Brouhaha collectif à Québec

«Sanguine Through the Storm», de Robin Moody, à la Chambre blanche
Photo: Source Manif d’art «Sanguine Through the Storm», de Robin Moody, à la Chambre blanche

En choisissant de faire du Musée national des beaux-arts du Québec le lieu central de sa 8e édition, la Manif d’art gagne sans doute en prestige. Mais, du coup, ne perd-elle pas en pertinence ? En occupant jadis un lieu non destiné à l’art, la manifestation s’infiltrait à sa manière dans le paysage de Québec. Son cri résonnait par sa différence. Il y avait événement. Ce n’est peut-être plus le cas.

Excepté le volet art public et les vitrines des boutiques Simons — encore qu’ici ça sente la commandite —, Manif d’art 8 ne fait pas tant que ça dans l’inusité. Le Journal de Québec pouvait bien clamer qu’avec elle, « l’art contemporain se déploiera sous toutes ses formes un peu partout dans la ville », la chose n’est pas nouvelle.

Sur les 12 diffuseurs du volet « en galerie », 10 ne font que céder une case de leur programmation habituelle à la biennale. Le fil est d’ailleurs difficile à suivre, bien que tout soit chapeauté du thème « L’art de la joie ». C’est particulièrement vrai à la coopérative Méduse, qui héberge aussi en février le Mois Multi.

De ce brouhaha créatif et néanmoins salutaire, il en ressort cependant quelques traits. Dont celui de s’exprimer sans limites. Dans l’accumulation d’objets, dans la diversité de couleurs, dans l’accident des actions. La joie artistique est un indispensable exutoire.

L’installation Sanguine Through the Storm, à la Chambre blanche (jusqu’au 4 mars), s’apparente à un laboratoire ou à une salle de jeux, dont les seaux de différentes couleurs sont le principal élément. Robyn Moody, artiste de Calgary, a créé un fantaisiste système de drainage destiné à transformer l’eau, une goutte à la fois, en notes musicales.

Sombres réalités

 

À la manière de Jean-Pierre Gauthier, Robyn Moody mixe matériaux industriels, touches de couleur et programmes informatiques pour nous amener dans un ailleurs fabuleux. Dans son cas, c’est pour échapper à de sombres réalités, ou pour les dénoncer.

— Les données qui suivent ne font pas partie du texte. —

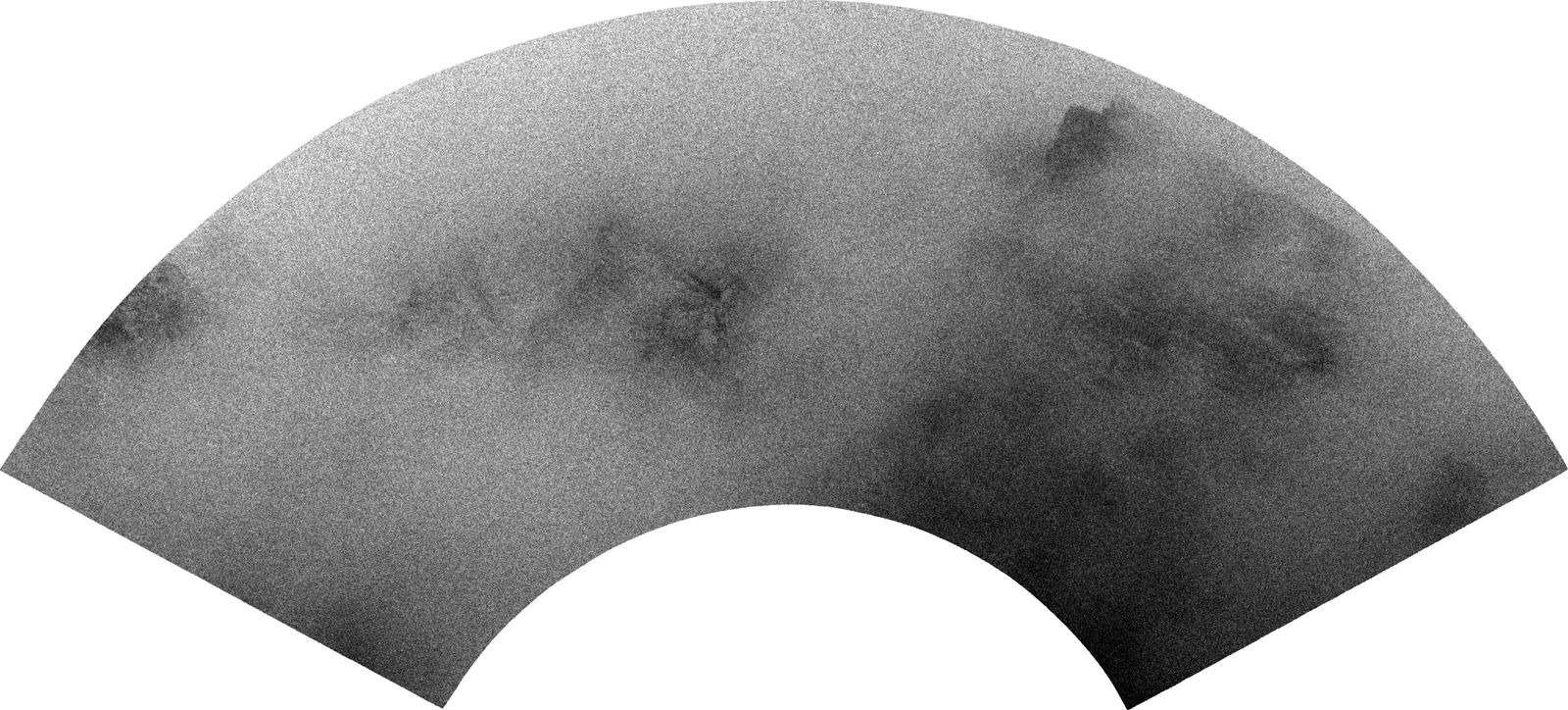 Michael Cherney, Fan Motif 扇面形式 #16, Conception and Design: Autumn 2012 – Winter 2013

L’exploitation des ressources plombe la salle d’exposition, notamment par la présence d’une colonne de seaux noirs (les seuls de l’installation) qui sert à faire remonter l’eau. Impossible de ne pas y voir un pipeline.

Un laboratoire fort en couleurs a aussi été installé au Lieu (jusqu’au 12 mars), avec l’expérimenté et expérimental Français Joël Hubaut. Un labo, ou un bric-à-brac tellement les objets rassemblés (bibelots, mobilier, ustensiles de cuisine, boîtes…) s’y retrouvent sans raison apparente. À l’instar du titre farfelu de cette installation in situ : HUB / HUB 2017 (agencement contexturie vive).

Photo: Marc Domage Joël Hubaut, «Éclat épidémik des avatars contagieux atomisés dans leurs miroitements éparpillés (ou EEDACTDLME)», 2015

L’hybridité est un trait de la création de cet ami de longue date du Lieu. Et pour cette nouvelle apparition à Québec, Hubaut joue au véritable alchimiste. Il a créé ses propres couleurs, sur place et avec des produits naturels (betterave, chou, curcuma…). Pots et pinceaux ont été laissés sur les lieux pour que les visiteurs s’éclatent à leur tour en coloriant des figures animales dessinées sur les murs.

Organisée et minutieusement planifiée, cette oeuvre participative n’appelle pas moins le chaos. Celui d’un potentiel effondrement : la structure repose sur de maigres pattes, une pile d’assiettes, une cassette VHS, un pot… Pour le moment, ça tient, la collectivité forme un tout, mais une simple révolte met tout ça à terre.

À L’oeil de poisson (jusqu’au 19 mars), la révolte prend déjà forme, pour autant que chacun des visiteurs ose poser un geste. La structure suspendue au coeur de l’installation Work no 101 : On air, du collectif français None Futbol Club, est destinée à finir en morceaux. Un simple jeu de balancier, à être actionné par le public, amène sa destruction progressive.

La structure en question n’est pas banale : elle est composée de dix télévisions, branchées sur les réseaux d’information continue de partout dans le monde. Il s’agit ici d’un commentaire direct et assassin sur la banalisation du rôle des médias. Tous disent et répètent la même chose, aux gens de se révolter. C’est une critique souvent entendue, c’est le processus enclenché qui fait la raison (et le bonheur) de cette oeuvre.

Notre collaborateur a séjourné à Québec à l’invitation de Manif d’art, la Biennale de Québec et du Mois Multi.